We may obsess about our PBs and mileage count, but these things alone
are not enough to get us out running. We could find easier ways to chart and
measure things. We could become accountants. No, the times and charts are
merely carrots we dangle in front of our rational mind, our over analytical brain,
to give it a reason to come along for the ride. What really drives us is something
else, this need to feel human, to reach below the multitude of layers of roles and
responsibilities that society has placed on us, down below the company name tags,
and even the father, husband, son labels, to the pure, raw human being underneath.
At such moments, our rational mind becomes redundant. We move from thought
to feeling. Except our mind doesn't just stop. Many runners say that they become
aware of their thoughts when they run. All day our thoughts churn away,
turning us this way and that, but this doesn't bother us in the slightest.
Yet the minute we start moving away from its carefully constructed world of reason,
into the wild heart of existence, our mind panics. Our thoughts try to pull us back,
to slow us down. But like the marathon monks of Mount Hiei in Japan,
who complete one thousand ultra marathons in one thousand days in
search of enlightenment, if we push on, we begin to feel a vague,
tingling sense of who, or what, we really are. It's a powerful feeling, strong enough
to have us coming back for more, again and again.

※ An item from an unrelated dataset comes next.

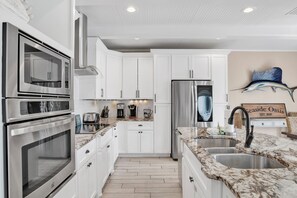 Mikrowelle, Ofen, Geschirrspüler, Wasserkocher mit Kaffee-/Teezubehör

I witnessed the raw, stripped down human spirit this weekend. I was stripped raw somewhere around mile 11, feeling all sorts of things yet nothing specific enough to understand. I was ill, physically, and wounded emotionally - and after the race, I learned that others had similar (and worse) experiences, as well.
Yet after we'd all showered and reconvened for lunch, we moved ahead and joked and laughed and planned our next adventures.
Running is different things to different people. I'm not sure I've yet discovered what running actually is for me - but I know that it is in me, and I am better for it.